Due casi di Alzheimer su tre hanno come paziente una persona di sesso femminile. Ma come mai? Ci sono diverse ragioni, ma soprattutto bisogna concentrarsi su quello che si può fare per scongiurare la comparsa, ossia fare prevenzione
Ogni tre secondi nel mondo viene diagnosticata una forma di demenza e in due casi su tre si tratta di donne.
Alzheimer e donne: perché sono più colpite?
La scienza e i dati lo confermano. Le donne hanno maggiore probabilità di ammalarsi di Alzheimer. Ma perché? All’origine pare esserci una questione di enzimi.
C’è poi un’associazione tra malattia ed estrogeni (gli ormoni femminili). La riduzione del livello degli estrogeni associata alla menopausa è un fattore di rischio, ma uno studio ha evidenziato che questi stessi ormoni da sempre potrebbero favorirne l’insorgenza. Gli estrogeni tendono infatti a sfavorire nelle donne l’utilizzo dell’ippocampo, deputato alla formazione della memoria a lungo termine e all’orientamento spaziale. Il suo minore utilizzo potrebbe essere alla base di una sua maggiore vulnerabilità agli effetti dell’invecchiamento, tra i quali la riduzione di volume e la formazione di placche.
Il calo degli estrogeni, poi determina maggiore vulnerabilità nelle donne perché questi ormoni svolgono una funzione protettiva contro la morte cellulare e l’infiammazione che favorisce la formazione di placche di Beta amiloide, il cui accumulo è tra le cause della patologia.

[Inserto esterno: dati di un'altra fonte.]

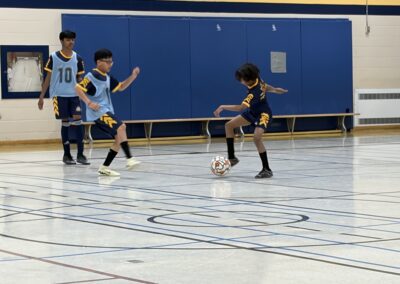 Two young boys playing indoor soccer, one controlling the ball.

Donne e Alzheimer: come si fa prevenzione?
Per aiutare l’ippocampo a “restare in forma” è fondamentale svolgere esercizio fisico e allenamento cognitivo. Secondo la scienza uno delle attività più utili sarebbe proprio l’orienteering, sport ancora poco noto in Italia, che consiste nell’effettuare un percorso a tappe in un ambiente naturale, generalmente un bosco, con il solo aiuto di una bussola e di una cartina geografica dettagliata in scala.
La buona notizia è che le differenze di genere nell’utilizzo delle diverse strategie cognitive possono essere influenzate da fattori ambientali legati all’educazione e che non tutte le donne hanno un profilo di non ippocampo user.

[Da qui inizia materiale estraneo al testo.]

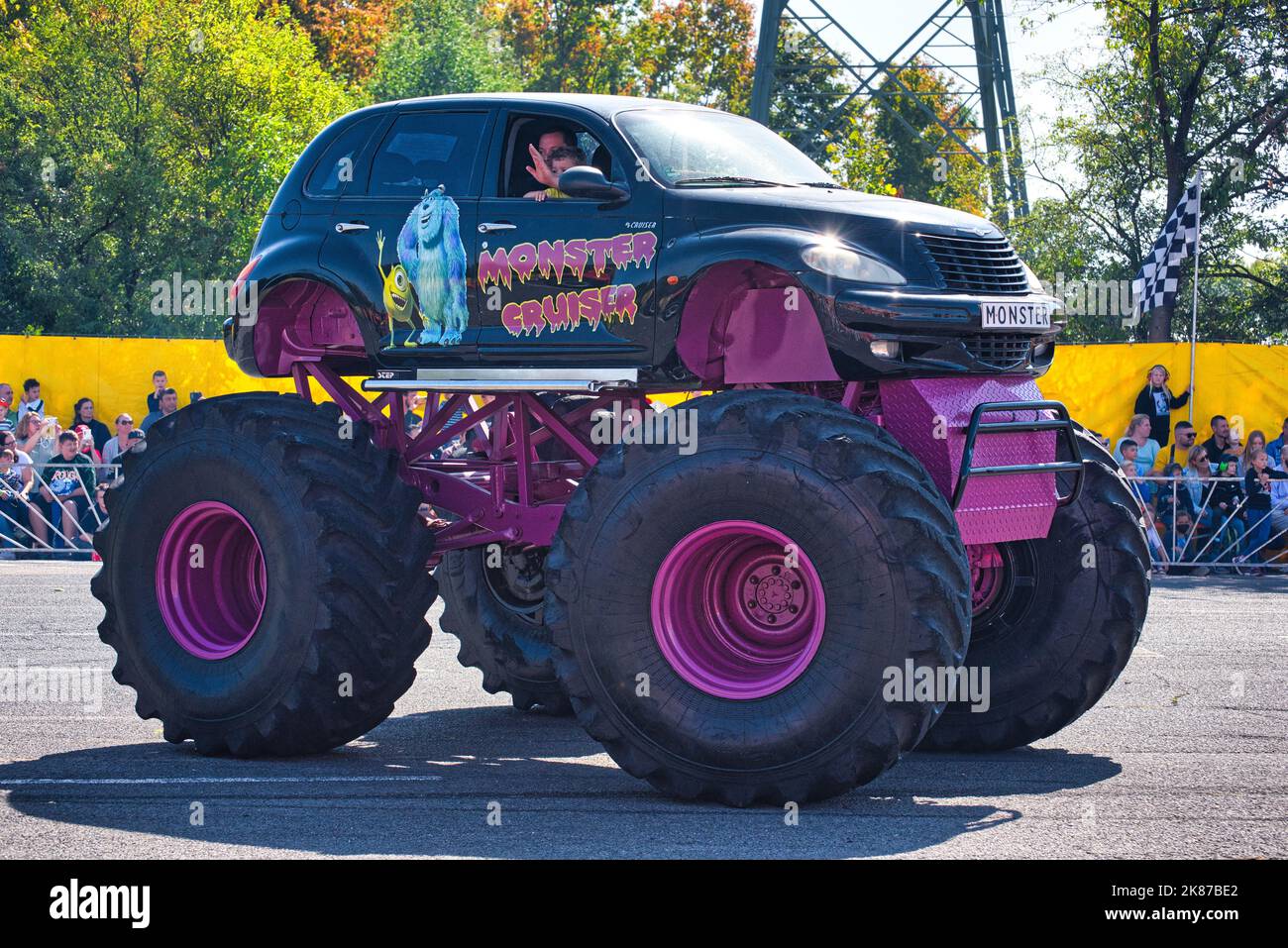 FRANKFURT AM MAIN, GERMANY - SEPT 2022: black purple Monster Truck Chrysler PT Cruiser, Monster Truck auto show. Stock Photo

La ricerca si concentra sugli enzimi
Come si diceva all’inizio, la ricerca si sta ora concentrando sulla maggiore espressione nel tessuto del cervello femminile, rispetto ai maschi, di un enzima legato al Cromosoma X chiamato peptidasi 11 specifica dell’ubiquitina (USP11), con conseguente maggiore accumulo della proteina tau, la responsabile delle placche che si formano e accumulano in chi è affetto da Alzheimer.
L’ubiquitina è una piccola proteina regolatoria il cui compito è quello di trasportare le proteine danneggiate dove vengono poi distrutte. Nell’Alzheimer questo sistema sembra non funzionare a dovere. Gli aggregati di tau e ubiquitina si accumulano nei neuroni e ostruiscono il complesso.
La buona notizia, dicono i ricercatori, è che l’USP11 è un enzima, e gli enzimi possono essere tradizionalmente inibiti farmacologicamente. La speranza dunque è quella sviluppare un medicinale in grado di proteggere le donne dal rischio più elevato di ammalarsi di Alzheimer.